In the entries below, find the line with "Pinai-sara Waterfall Tour" and print exactly every line from there up to and including the line with "WordPress Manual WPI Journal", with no other lines.

━━ Records to use

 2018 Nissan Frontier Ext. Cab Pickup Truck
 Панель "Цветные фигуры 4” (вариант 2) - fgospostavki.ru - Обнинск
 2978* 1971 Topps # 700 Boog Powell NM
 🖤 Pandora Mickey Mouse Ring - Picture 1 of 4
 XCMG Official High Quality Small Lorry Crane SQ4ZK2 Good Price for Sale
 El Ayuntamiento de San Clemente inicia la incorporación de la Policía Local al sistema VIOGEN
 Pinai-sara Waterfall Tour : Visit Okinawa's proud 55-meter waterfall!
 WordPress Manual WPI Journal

━━━━
━━ Records to use

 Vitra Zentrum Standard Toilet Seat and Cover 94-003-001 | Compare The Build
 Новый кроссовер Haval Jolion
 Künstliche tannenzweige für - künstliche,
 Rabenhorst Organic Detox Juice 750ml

━━━━
━━ Records to use

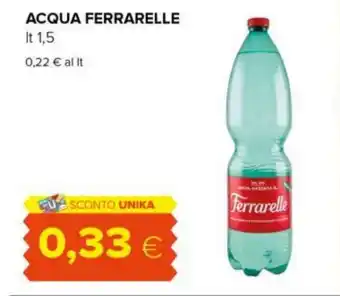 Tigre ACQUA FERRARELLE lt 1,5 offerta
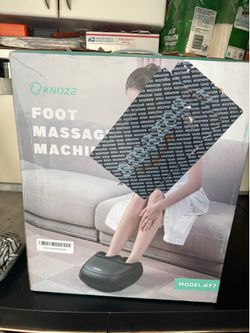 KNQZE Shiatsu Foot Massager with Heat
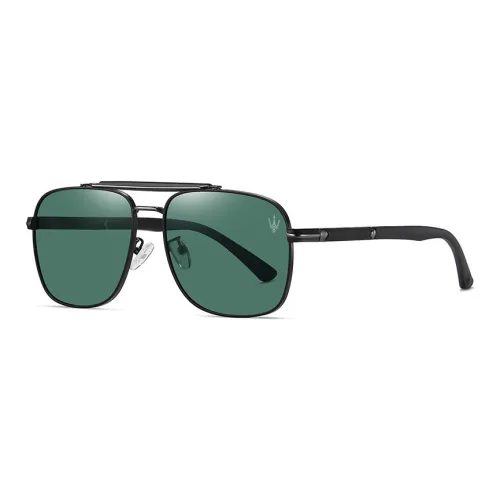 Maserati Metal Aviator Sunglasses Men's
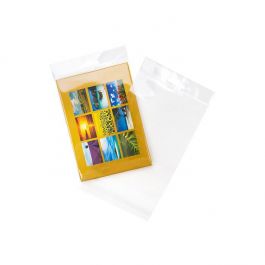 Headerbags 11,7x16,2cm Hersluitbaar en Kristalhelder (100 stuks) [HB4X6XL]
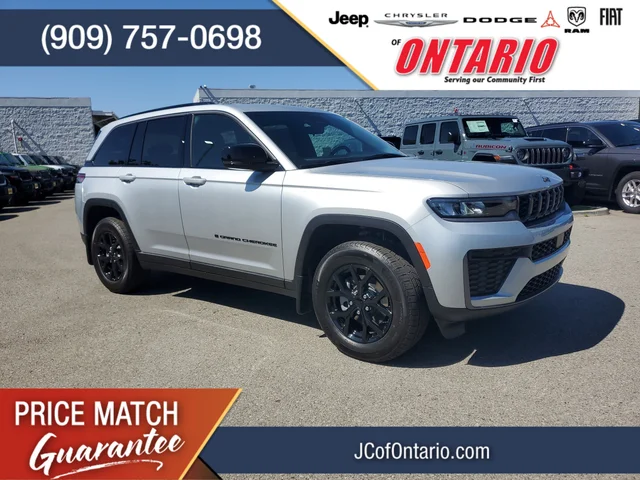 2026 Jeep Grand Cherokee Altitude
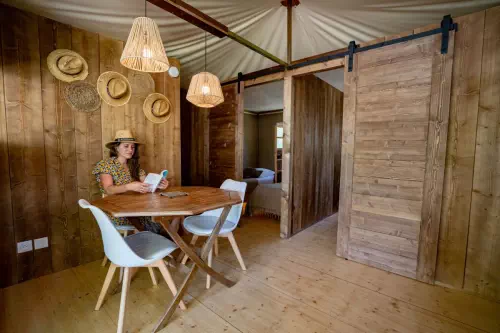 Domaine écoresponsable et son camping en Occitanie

━━━━

**Exercise response**
 Pinai-sara Waterfall Tour : Visit Okinawa's proud 55-meter waterfall!
 WordPress Manual WPI Journal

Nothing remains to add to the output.